1. A power control device comprising:

a heater configured to generate heat by being supplied with an AC voltage;

a zero-cross detecting unit configured to detect a zero-cross point of the AC voltage;

a triac configured to switch a conduction state in which the AC voltage is supplied to the heater and a non-conduction in which supply of the AC voltage to the heater is cut off;

a supplying unit configured to supply a current to the triac; and

a controlling unit configured to control a state of the triac by outputting a control signal,

wherein the controlling unit controls the state of the triac by outputting the control signal in a control period in which a plurality of half-waves of the AC voltage with a first polarity and a plurality of half-waves of the AC voltage with a second polarity different from the first polarity constitute one period of control,

wherein the supplying unit discharges an electric charge when the control signal is outputted in the half-wave of each of the first polarity and the second polarity and charges the electric charge when the control signal is not outputted in the half-wave of the first polarity,

wherein the controlling unit outputs:

in a first half-wave, a first control signal on the basis of the zero-cross point as a reference and a second control signal in a first phase different in timing from the first control signal, and

in a second half-wave, a third control signal on the basis of the zero-cross point as a reference and a fourth control signal in a second phase different in timing from the second control signal, and

wherein the first phase and the second phase are different from each other.

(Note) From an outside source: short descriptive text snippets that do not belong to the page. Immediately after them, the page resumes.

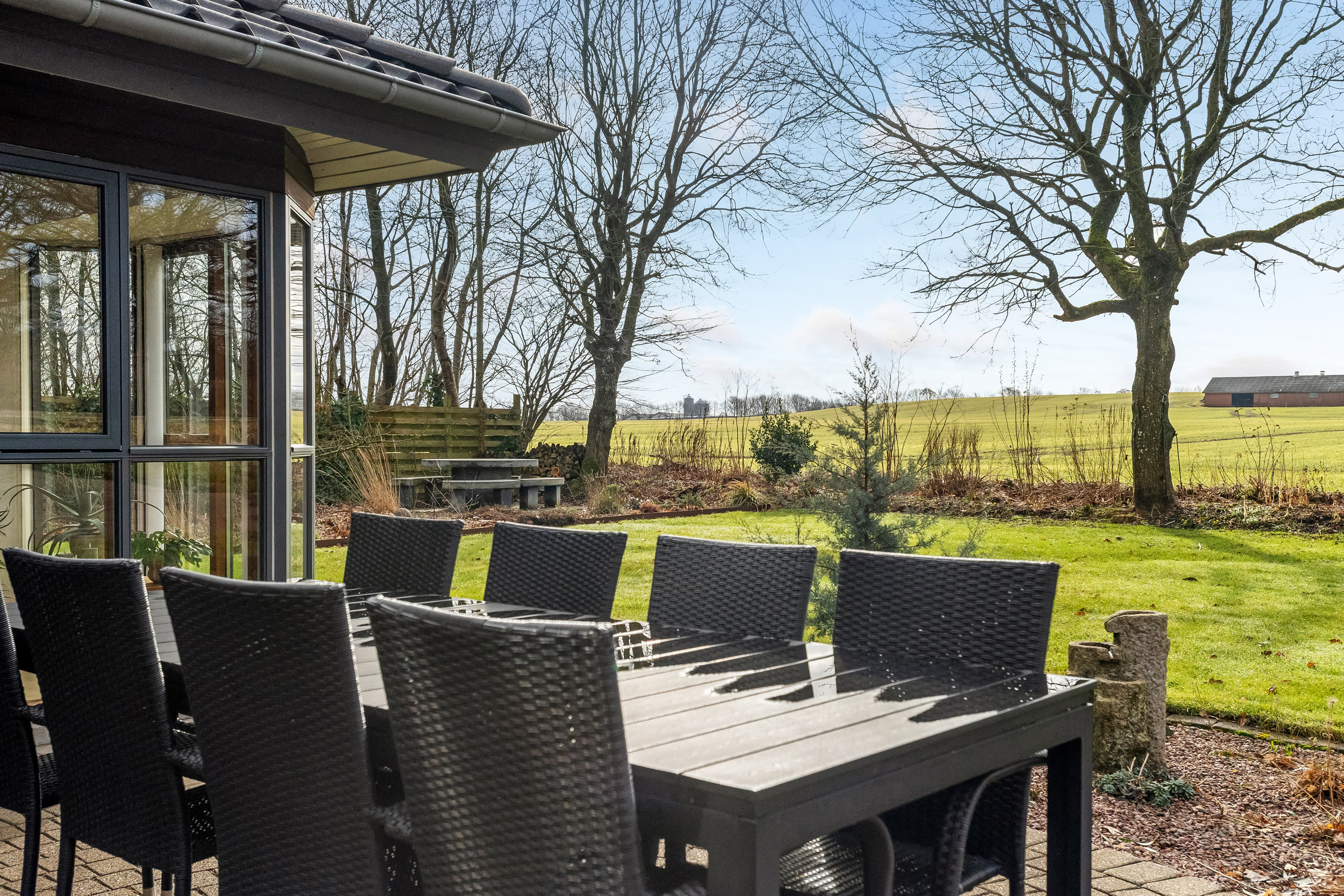 Fremhævet terrasse billede i fuldskærmstilstand. Billede af Skjernvej 153, 7500 Holstebro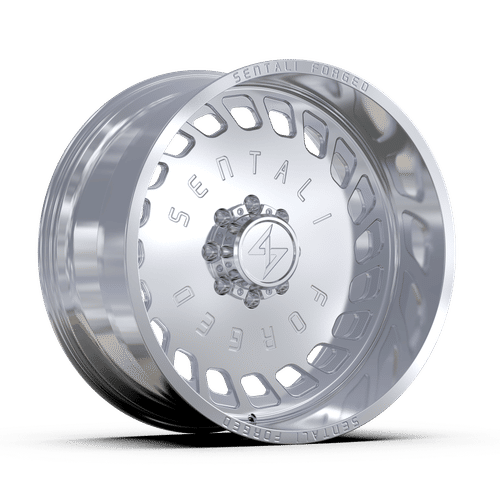 Sentali - Forged SF-4 - Polished - 30" x 16", -99 Offset, 8x165.1 (Bolt pattern), 125.2mm HUB
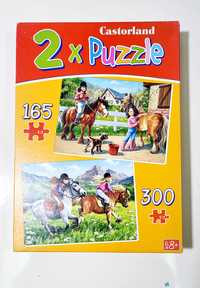 Puzzle dla koniary 2 in 1 konie jeździectwo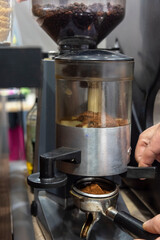 Coffee making machines, coffee making process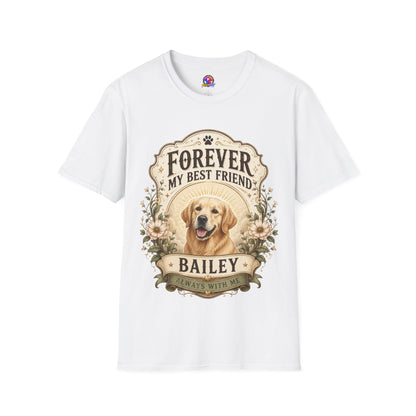 Dog Memorial T-Shirt — "Forever My Best Friend" Personalized Pet Tribute Tee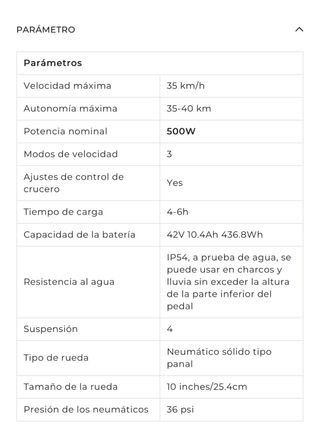 Patinete Eléctrico Isinwheel S9Max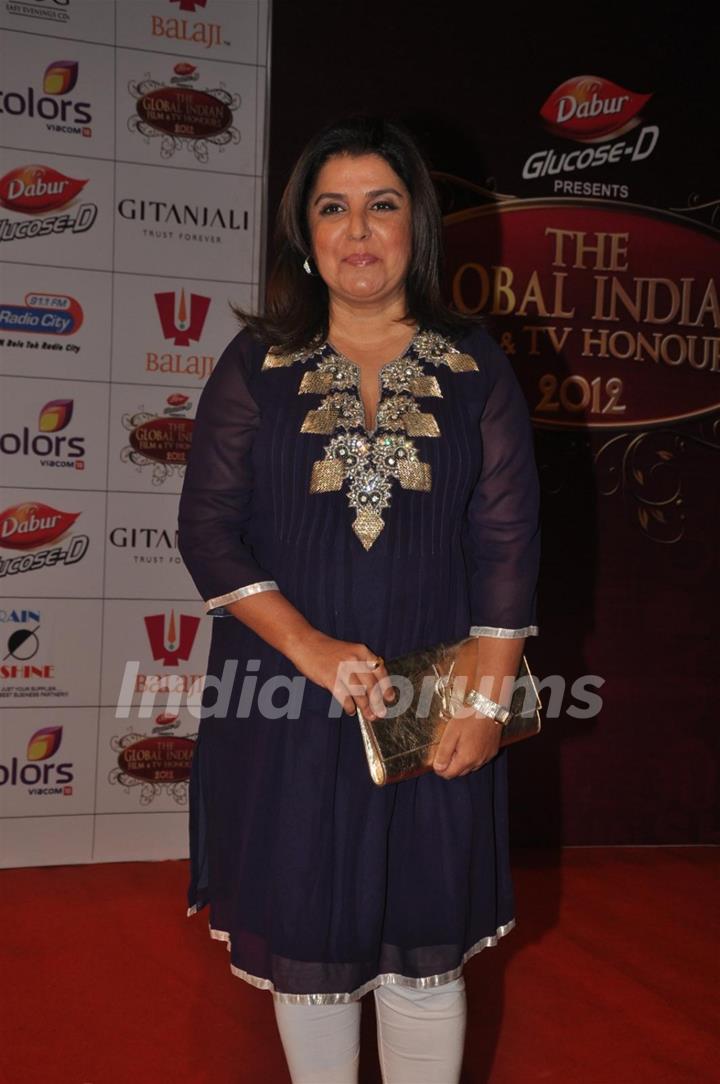 Farah Khan at Global Indian Film & TV Honours Awards 2012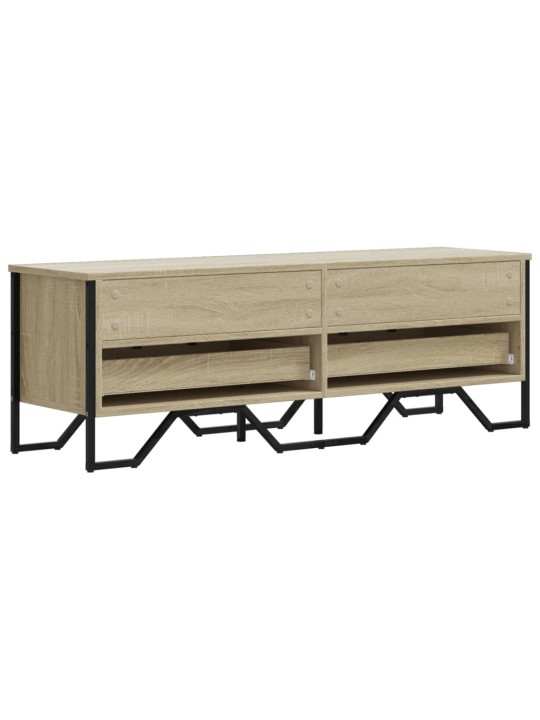 Tv skapītis, ozolkoka krāsa, 122x34x41 cm, inženierijas koks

2. A power control device according to claim 1, wherein the controlling unit outputs the second control signal in the half-wave of the second polarity in the control period and outputs the fourth control signal in the half-wave of the first polarity in the control period.

3. A power control device according to claim 1, wherein the controlling unit outputs the second control signal or the fourth control signal at a random timing on the basis of the zero-cross point as a reference for each of the half-waves in the control period.

4. A power control device comprising:

a heater configured to generate heat by being supplied with an AC voltage;

a zero-cross detecting unit configured to detect a zero-cross point of the AC voltage;

a triac configured to switch a conduction state in which the AC voltage is supplied to the heater and a non-conduction in which supply of the AC voltage to the heater is cut off;

a supplying unit configured to supply a current to the triac; and

a controlling unit configured to control a state of the triac by outputting a control signal,

wherein the controlling unit controls the state of the triac by outputting the control signal in a control period in which a plurality of half-waves of the AC voltage with a first polarity and a plurality of half-waves of the AC voltage with a second polarity different from the first polarity constitute one period of control,

wherein the supplying unit discharges an electric charge when the control signal is outputted in the half-wave of each of the first polarity and the second polarity and charges the electric charge when the control signal is not outputted in the half-wave of the first polarity,

wherein the controlling unit outputs the control signal a first number of times in a first half-wave and outputs the control signal a second number of times in a second half-wave, and

wherein the first number of times and the second number of times are different from each other.

5. A power control device according to claim 1, wherein the controlling unit outputs the control signal the first number of times on the basis of the zero-cross point as a reference in the half-wave of the second polarity in the control period and outputs the control signal the second number of times on the basis of the zero-cross point as a reference in the half-wave of the first polarity in the control period.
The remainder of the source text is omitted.